EXERCISE OBJECTIVE: Output every entry exactly as written, skipping any pictures.

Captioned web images
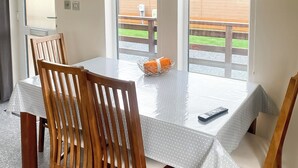 Une table à manger recouverte d’une nappe blanche, des chaises en bois, un panier contenant un objet orange et une télécommande.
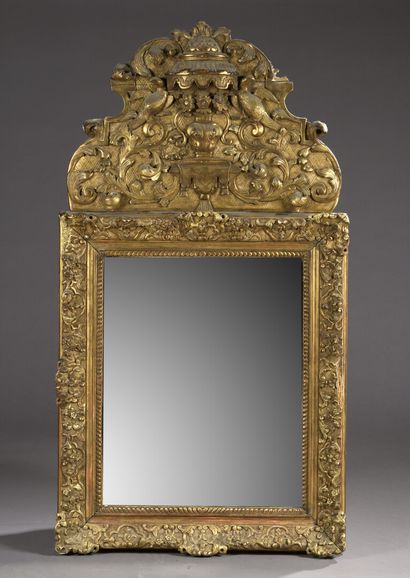 null Glace en bois sculpté et doré en partie du XVIIIe siècle

Le fronton orné d'un...
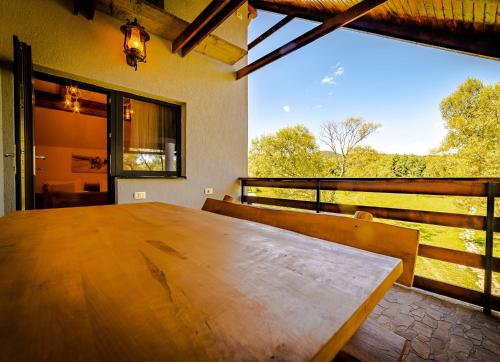 una gran mesa de madera en una habitación con una gran ventana en Casa Nitu, en Întorsura Buzăului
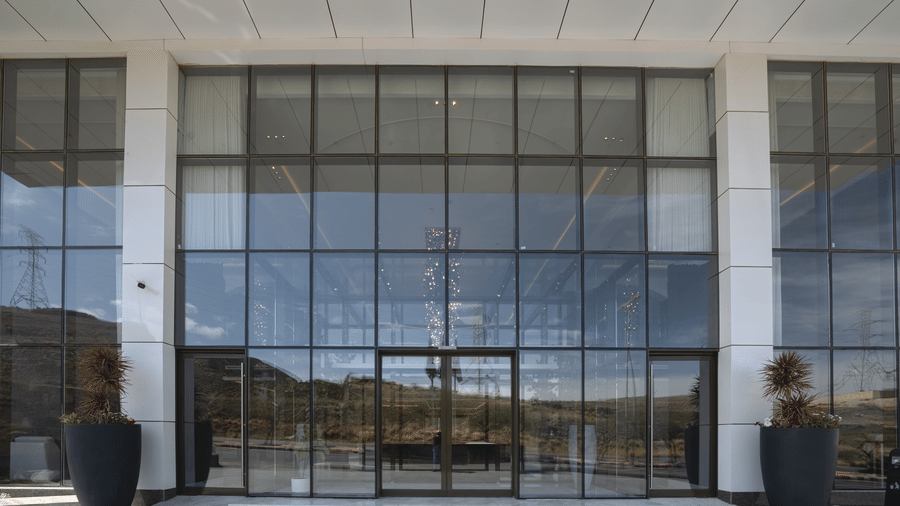 The lobby and entrance of Grand Iva Hotel, Abha, seen through large glass windows with panelling.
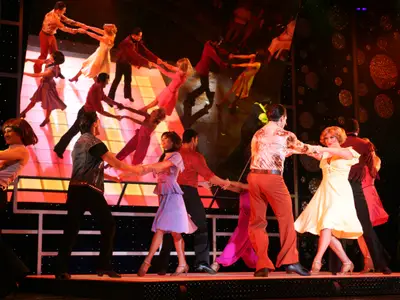 Eine Gruppe von Tänzern in farbenfrohen Kostümen performt eine choreografierte Show auf einer hell erleuchteten Bühne an Bord der Liberty of the Seas. Die Tänzer halten sich an Händen, mit Spiegelungen im Hintergrund, die die dynamische Szene erweitern.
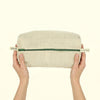 A person's hands holding a rectangular beige linen pouch with a green zipper and cream-colored pull tabs that read 'ambrosia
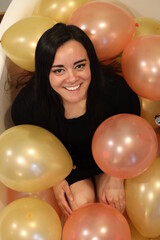 cheerful woman surrounded by balloons at a party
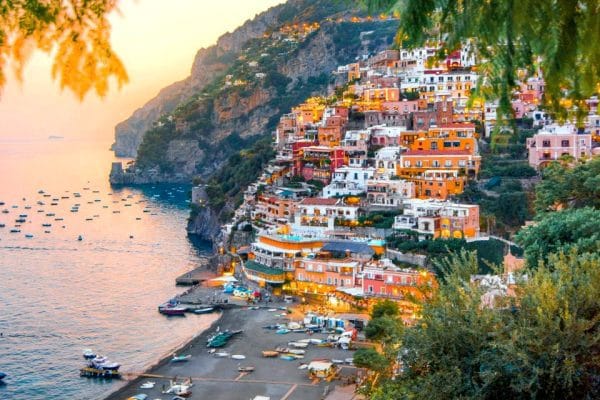 El Secreto de la Costa Amalfitana: Viaje de Lujo más allá de Positano Panorámica de Positano, Italia, un pueblo colorido en el acantilado, con vistas al mar y la playa.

TASK RESULT:
 Une table à manger recouverte d’une nappe blanche, des chaises en bois, un panier contenant un objet orange et une télécommande.
 null Glace en bois sculpté et doré en partie du XVIIIe siècle

Le fronton orné d'un...
 una gran mesa de madera en una habitación con una gran ventana en Casa Nitu, en Întorsura Buzăului
 The lobby and entrance of Grand Iva Hotel, Abha, seen through large glass windows with panelling.
 Eine Gruppe von Tänzern in farbenfrohen Kostümen performt eine choreografierte Show auf einer hell erleuchteten Bühne an Bord der Liberty of the Seas. Die Tänzer halten sich an Händen, mit Spiegelungen im Hintergrund, die die dynamische Szene erweitern.
 A person's hands holding a rectangular beige linen pouch with a green zipper and cream-colored pull tabs that read 'ambrosia
 cheerful woman surrounded by balloons at a party
 El Secreto de la Costa Amalfitana: Viaje de Lujo más allá de Positano Panorámica de Positano, Italia, un pueblo colorido en el acantilado, con vistas al mar y la playa.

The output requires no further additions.